* Exercise description
Below is a listing to repeat exactly, with its pictures left out.

* Data below
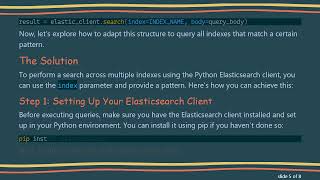 How to Query Multiple Indexes with the Python Elasticsearch Module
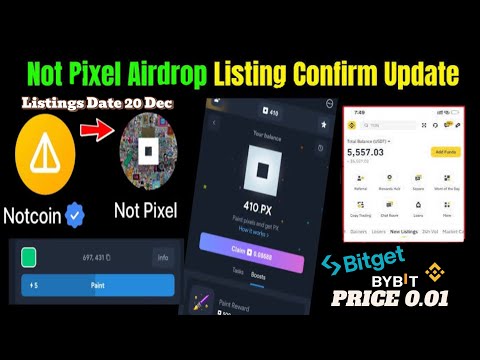 🔥 Not Pixel Airdrop Listing 20 December 😱!! Not Pixel Mining End !! Not Pixel secret code 13 Dec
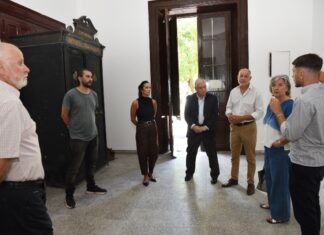 Inauguran el Museo Audiovisual Itinerante sobre Urquiza en la Casa Histórica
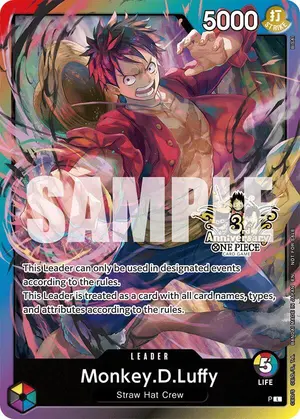 Carta Monkey.D.Luffy P, versión Arte alternativo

* The answer
 How to Query Multiple Indexes with the Python Elasticsearch Module
 🔥 Not Pixel Airdrop Listing 20 December 😱!! Not Pixel Mining End !! Not Pixel secret code 13 Dec
 Inauguran el Museo Audiovisual Itinerante sobre Urquiza en la Casa Histórica
 Carta Monkey.D.Luffy P, versión Arte alternativo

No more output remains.